◆ **EXERCISE INSTRUCTIONS**: An exact repeat is needed of the lines from the one with "Die Autowaschanlage Lied" through the last line of the data below. Please omit the pictures.

Image-caption web data:
- - -

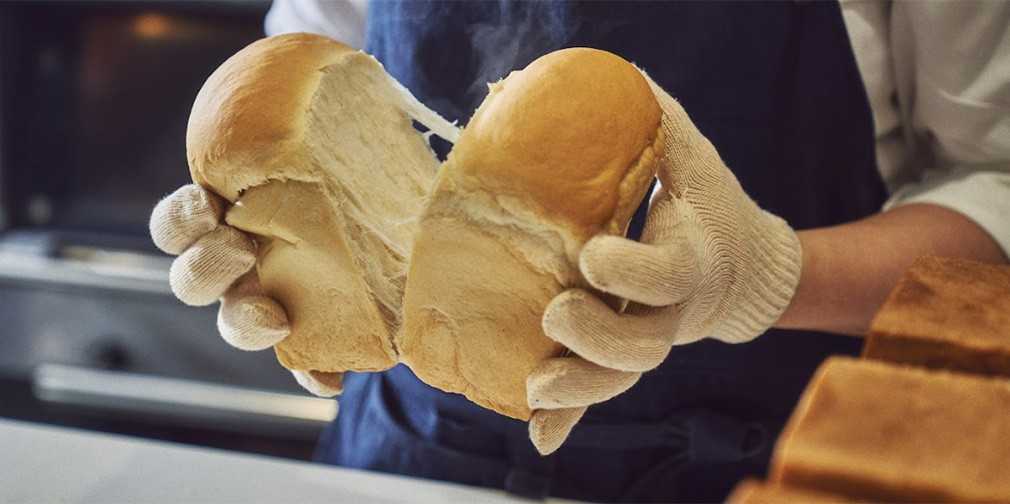 Millo Rye Multigrain Bread 480g detail 5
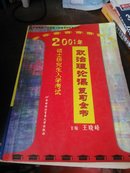 2001年硕士研究生入学考试政治理论课复习全书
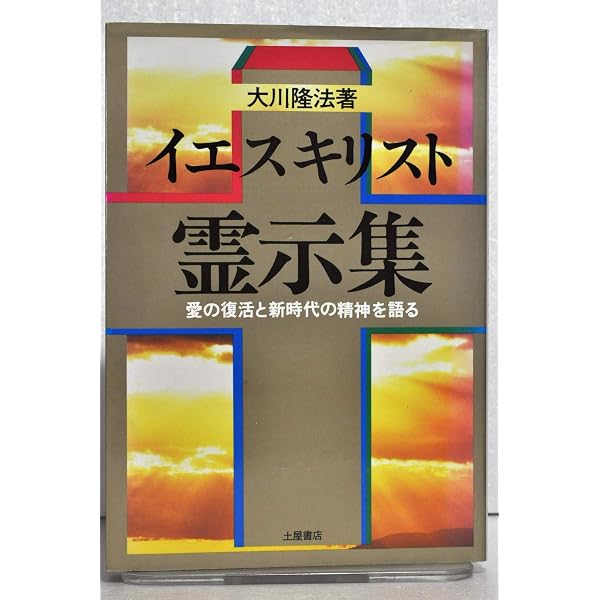 エドガー・ケイシー霊示集: 巨大霊能者の新リーディング (心霊ブックス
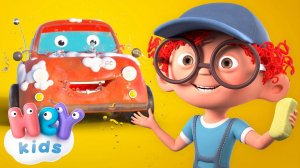 Die Autowaschanlage Lied | Cartoon rotes Auto für Kinder | HeyKids Kinderlieder TV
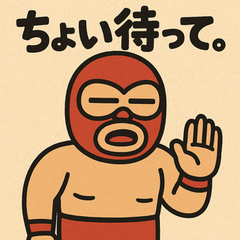 [LINEスタンプ] ゆるれすらー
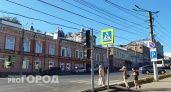 В Кирове из-за аномальной жары МЧС объявило метеопредупреждение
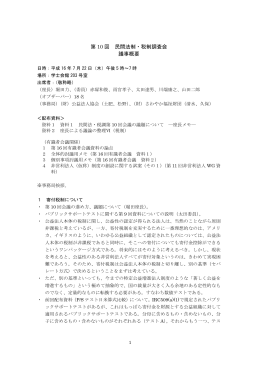 第 10 回 民間法制・税制調査会 議事概要
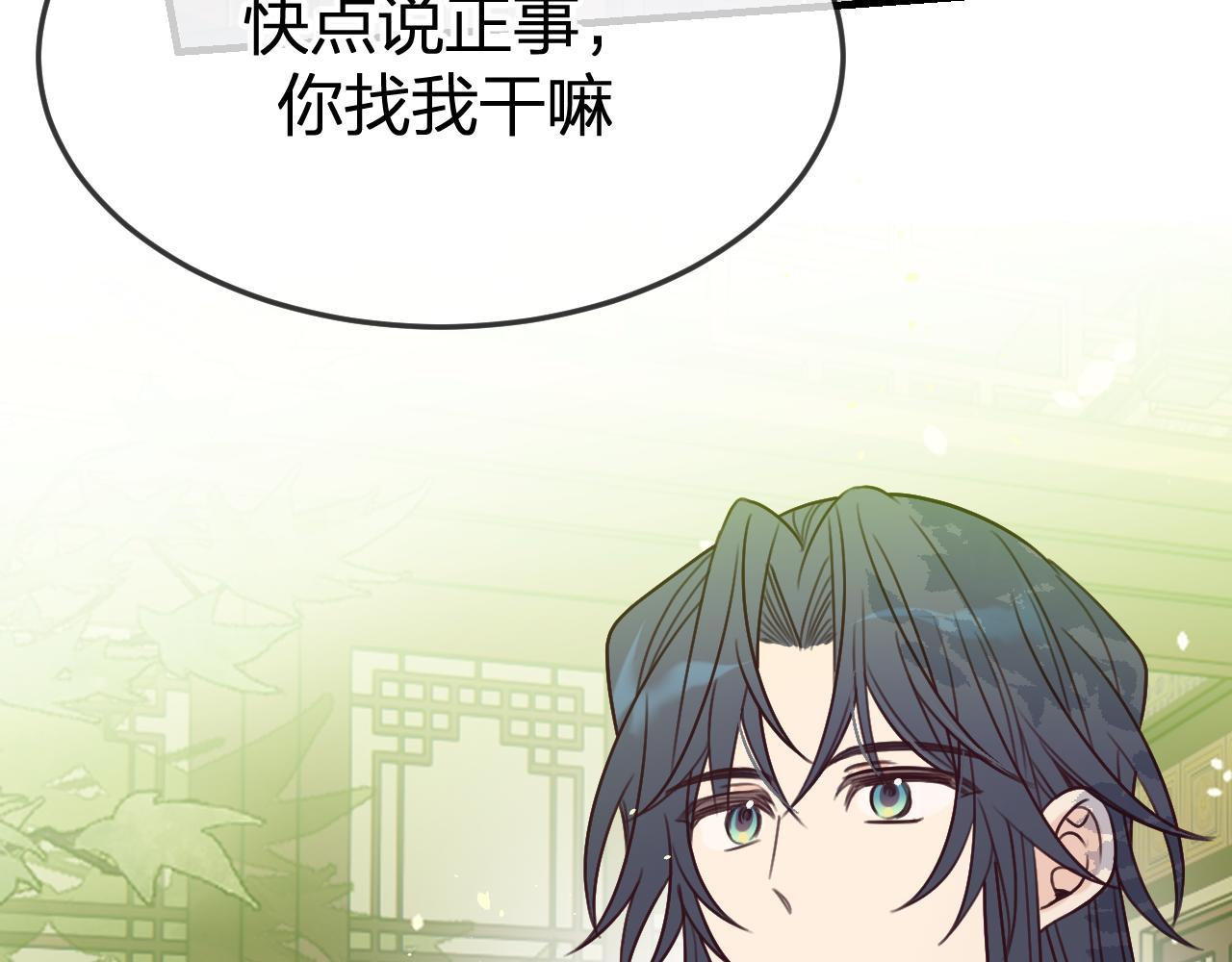 第101话 师父和大师兄116
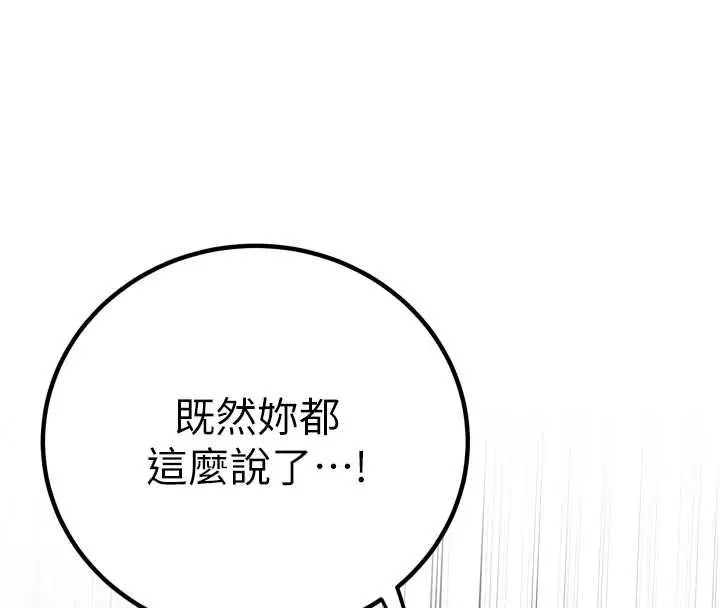 《暴君会长的娇媳们》第37话图114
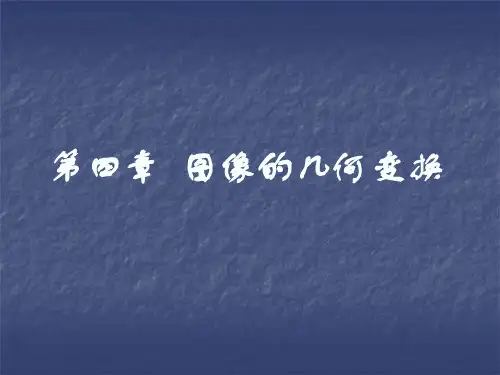 第四章--图像的几何变换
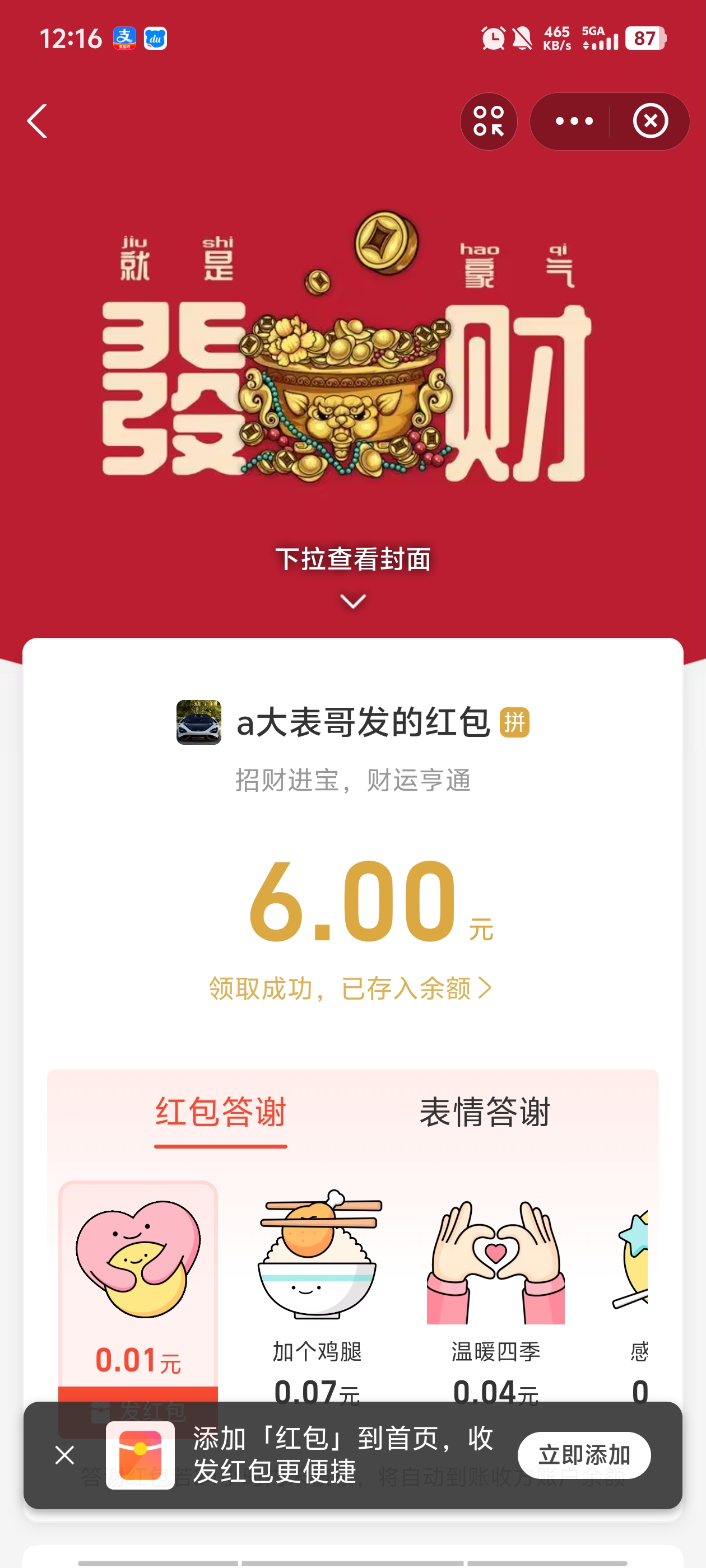 1000013861.jpg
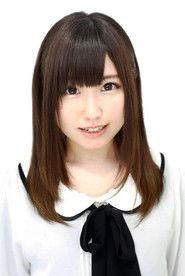 铃木爱奈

- - -

◆ **TASK RESPONSE**:
 Die Autowaschanlage Lied | Cartoon rotes Auto für Kinder | HeyKids Kinderlieder TV
 [LINEスタンプ] ゆるれすらー
 В Кирове из-за аномальной жары МЧС объявило метеопредупреждение
 第 10 回 民間法制・税制調査会 議事概要
 第101话 师父和大师兄116
 《暴君会长的娇媳们》第37话图114
 第四章--图像的几何变换
 1000013861.jpg
 铃木爱奈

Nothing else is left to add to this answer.